▶ **Given data**:
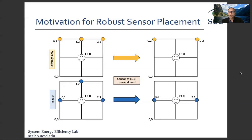We create a scenario where the sensor at location 12 breaks down. After this breakdown, the coverage-only model can no longer detect the POI, whereas in the robust model, detection is still possible.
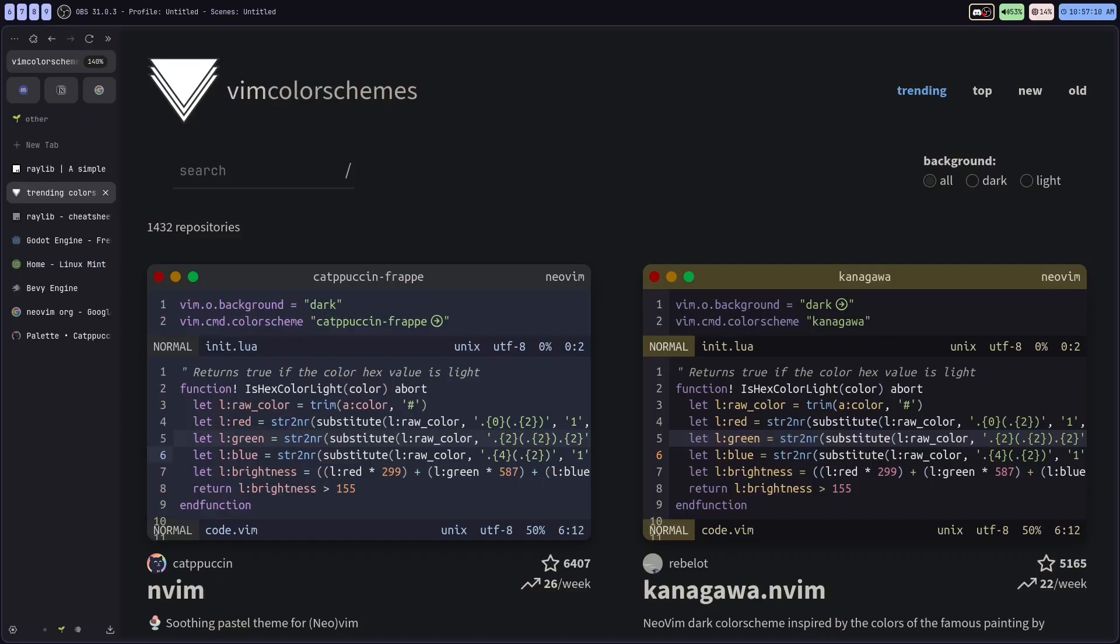You can check out vimcolorschemes.com for some wicked color scheme presentations and links to all of the githubs so that you can add the plugins to your NeoVim.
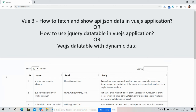Hello friends, welcome back to my channel. This is Ajay. In this video I'm going to show you three working demos: first, how to fetch and show API JSON data in a Vue.js application; second, how to use jQuery DataTable in a Vue.js application; and third, Vue.js DataTable with dynamic data. Please watch the video till the end and subscribe my channel for the latest Vue.js updates.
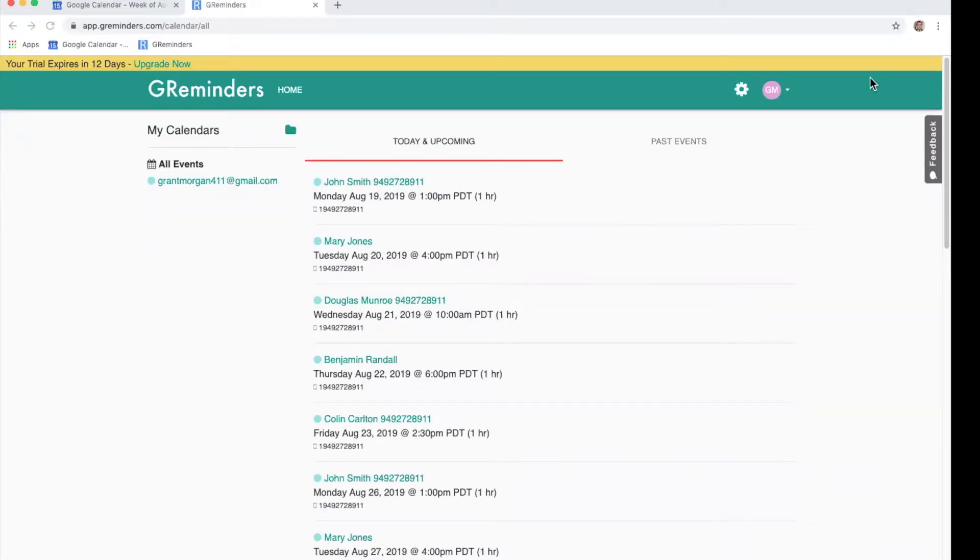This video will go over how to set up GReminders so that your clients can schedule meetings directly on your calendar.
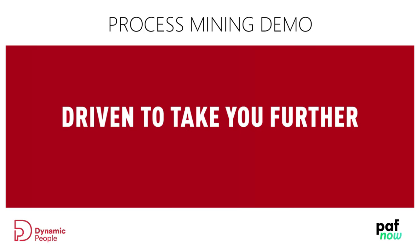Hi, my name is Jorik van Boheemann from Dynamic People. Today I would like to show you how we can do process mining in Power BI. For this we have partnered with PathNow, who are specialized in building custom process mining visuals.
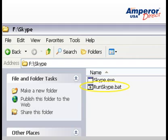The Skype folder will have two files in it, and you can start Skype by double-clicking on the RunSkype.bat icon. Skype will recreate all supporting files in this folder after you sign on for the first time. You can take the USB drive with you, go to any PC with internet access, and start talking.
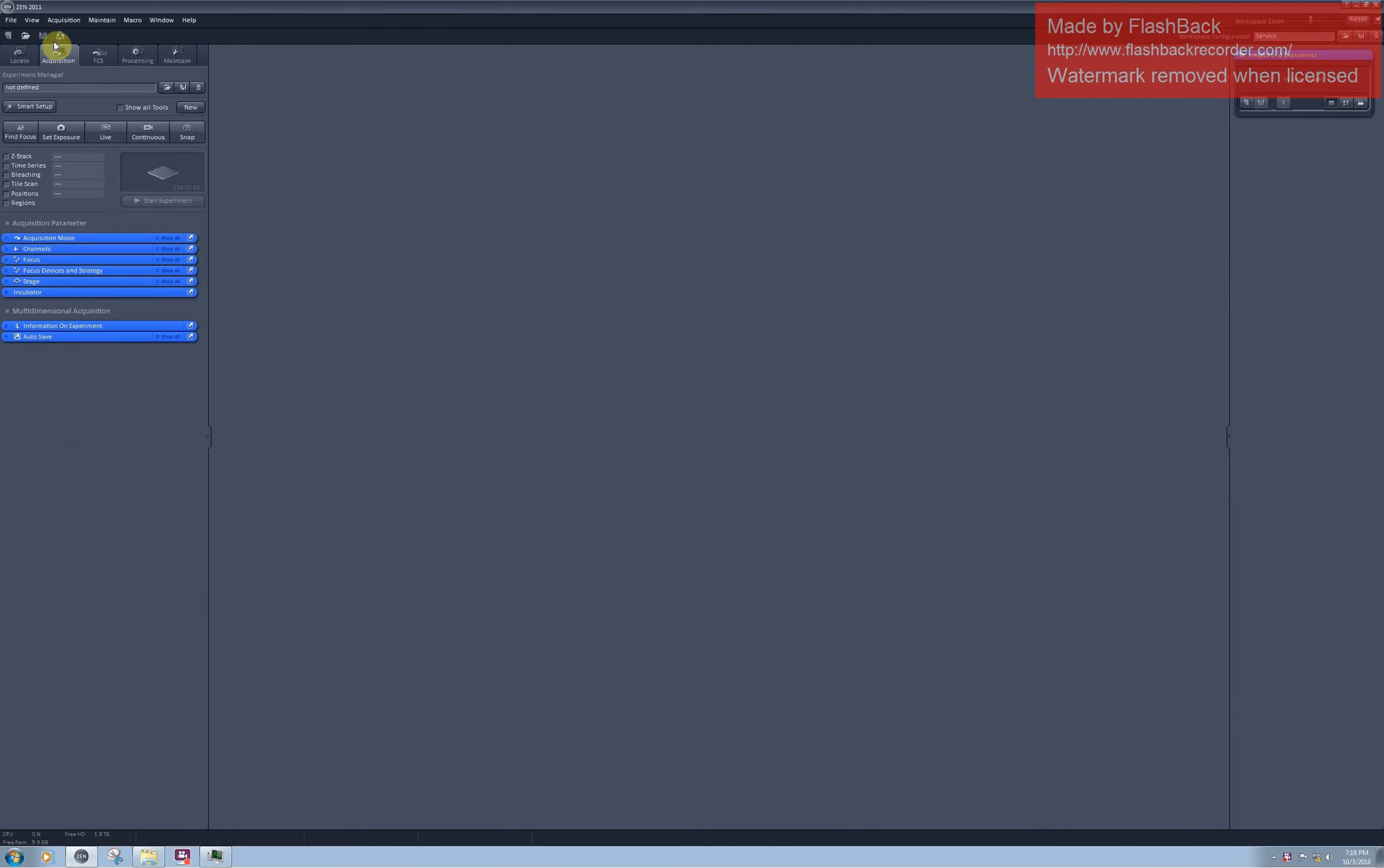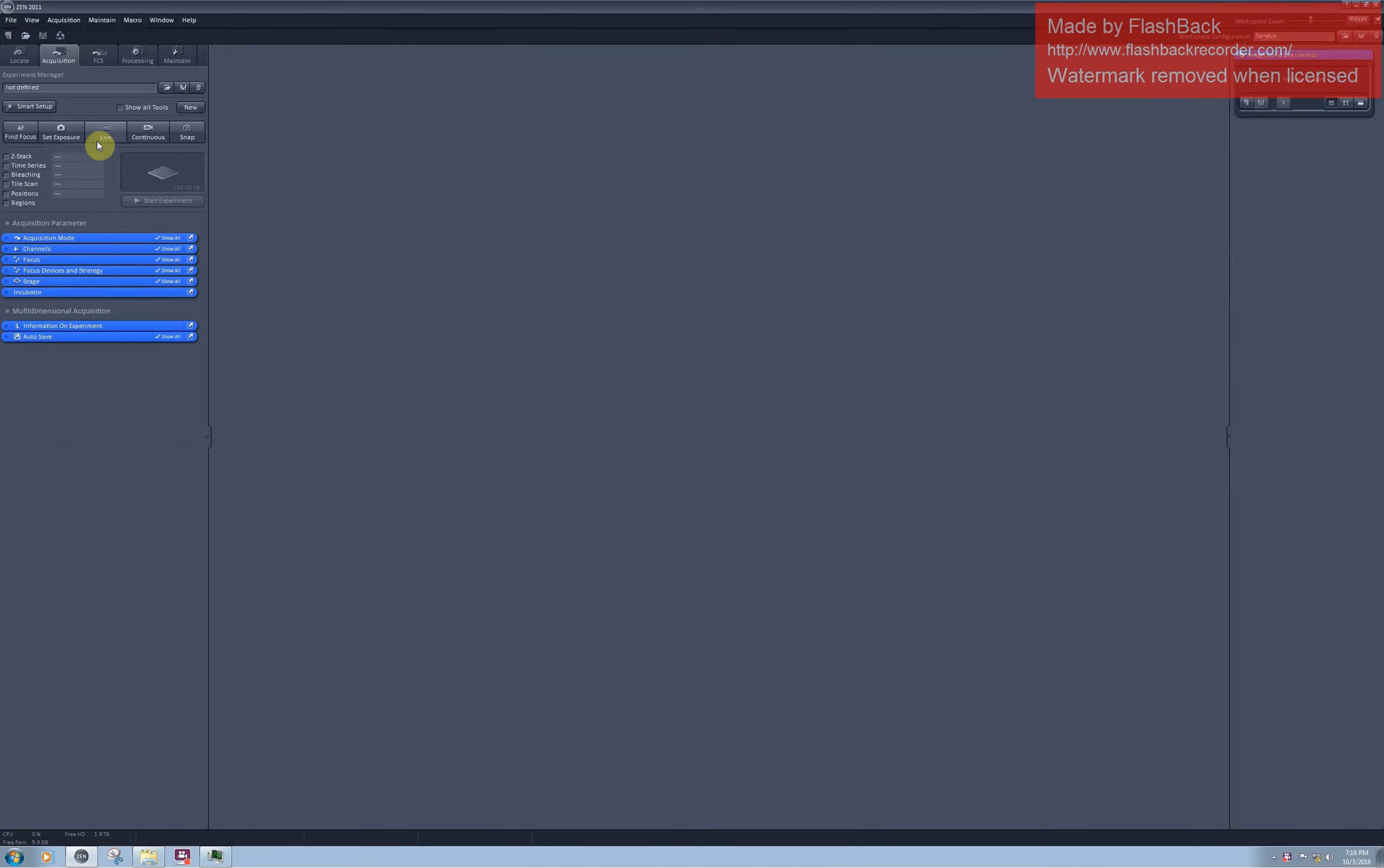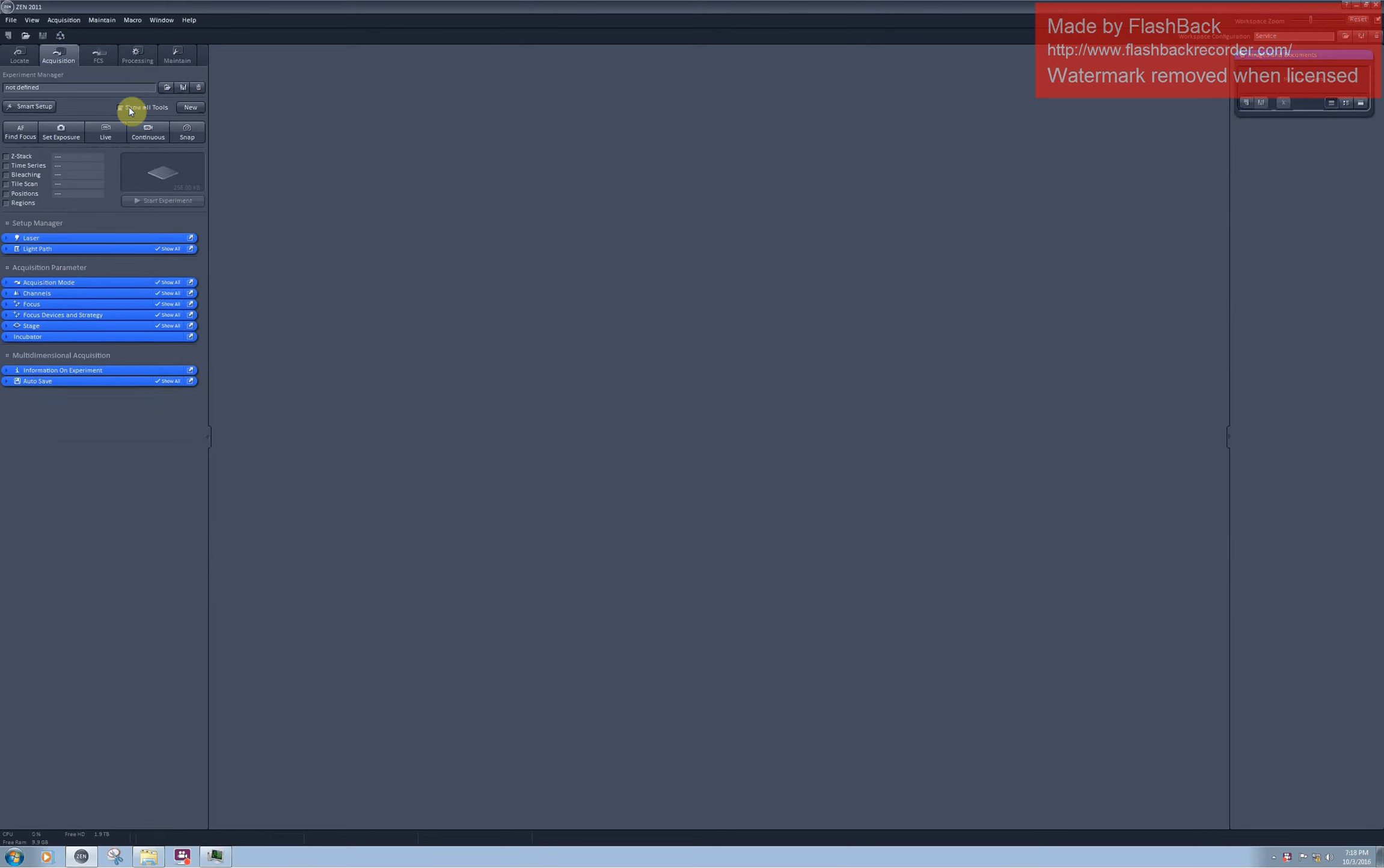Before you do anything else, I would highly advise you to go to the top menu and activate show all global options here, and also check in the show tools checkbox here. This will give you access to very useful extra settings in the software.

▶ **Required action**:
Skip every picture and return the lines above from the top through the one that contains "Hello friends, welcome".

▶ **Written solution**:
We create a scenario where the sensor at location 12 breaks down. After this breakdown, the coverage-only model can no longer detect the POI, whereas in the robust model, detection is still possible.
You can check out vimcolorschemes.com for some wicked color scheme presentations and links to all of the githubs so that you can add the plugins to your NeoVim.
Hello friends, welcome back to my channel. This is Ajay. In this video I'm going to show you three working demos: first, how to fetch and show API JSON data in a Vue.js application; second, how to use jQuery DataTable in a Vue.js application; and third, Vue.js DataTable with dynamic data. Please watch the video till the end and subscribe my channel for the latest Vue.js updates.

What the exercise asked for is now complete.